- Required work -
Once the line holding "Pilar de la Horadada" is found in the entries below, restate it and each line after it word for word, with no pictures.

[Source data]
_ _ _ _ _

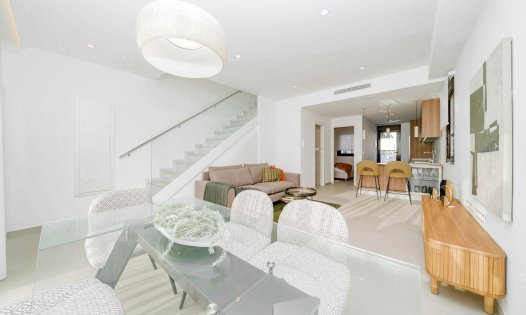 Segunda mano - Casas Adosadas -
Pilar de la Horadada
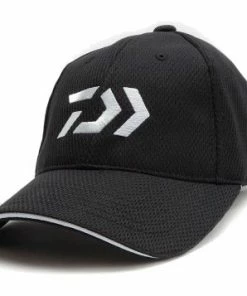 Daiwa Cap 6 Black Dvec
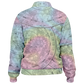 Pastel Aztec Calendar - Unisex Track Jacket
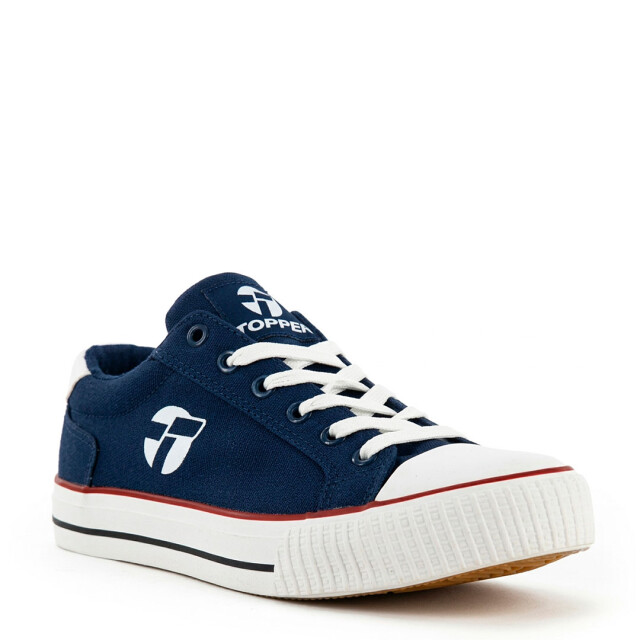 Championes de Hombre Topper Wagon Azul Marino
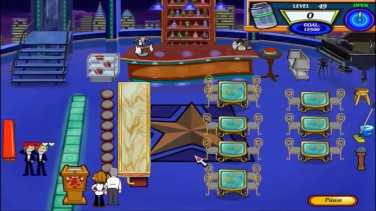 Diner Dash 2: Restaurant Rescue 3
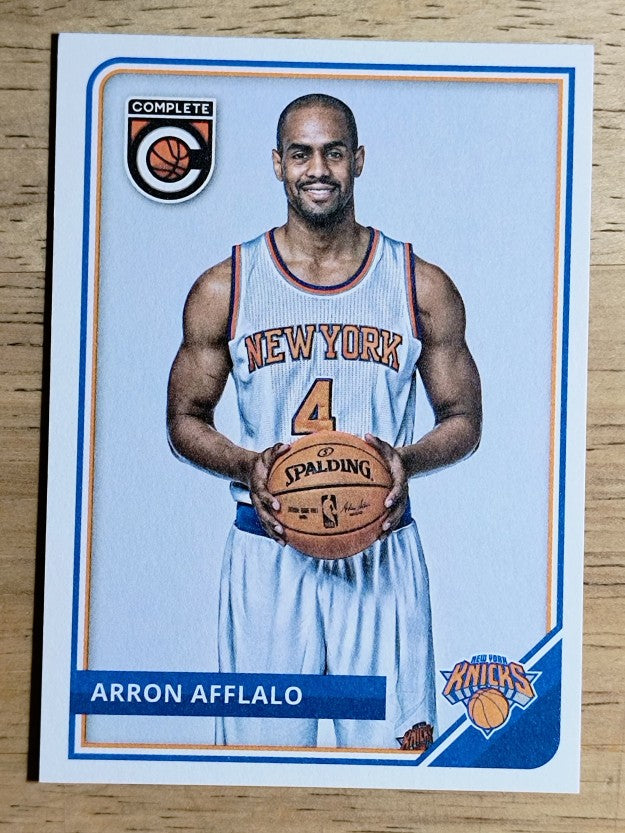 2015-16 Panini Complete #40 Arron Afflalo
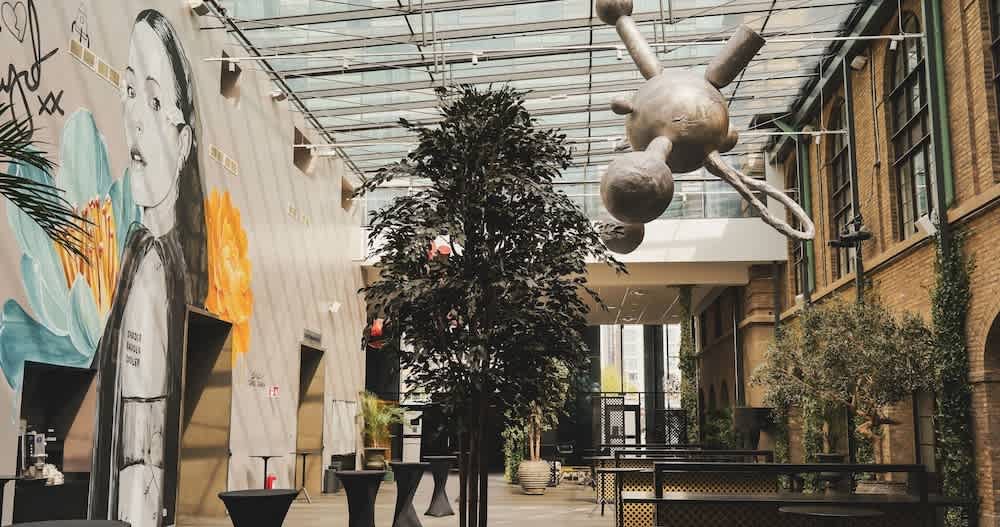 Clarion Hotel Post 4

_ _ _ _ _

- Exercise output -
Pilar de la Horadada
 Daiwa Cap 6 Black Dvec
 Pastel Aztec Calendar - Unisex Track Jacket
 Championes de Hombre Topper Wagon Azul Marino
 Diner Dash 2: Restaurant Rescue 3
 2015-16 Panini Complete #40 Arron Afflalo
 Clarion Hotel Post 4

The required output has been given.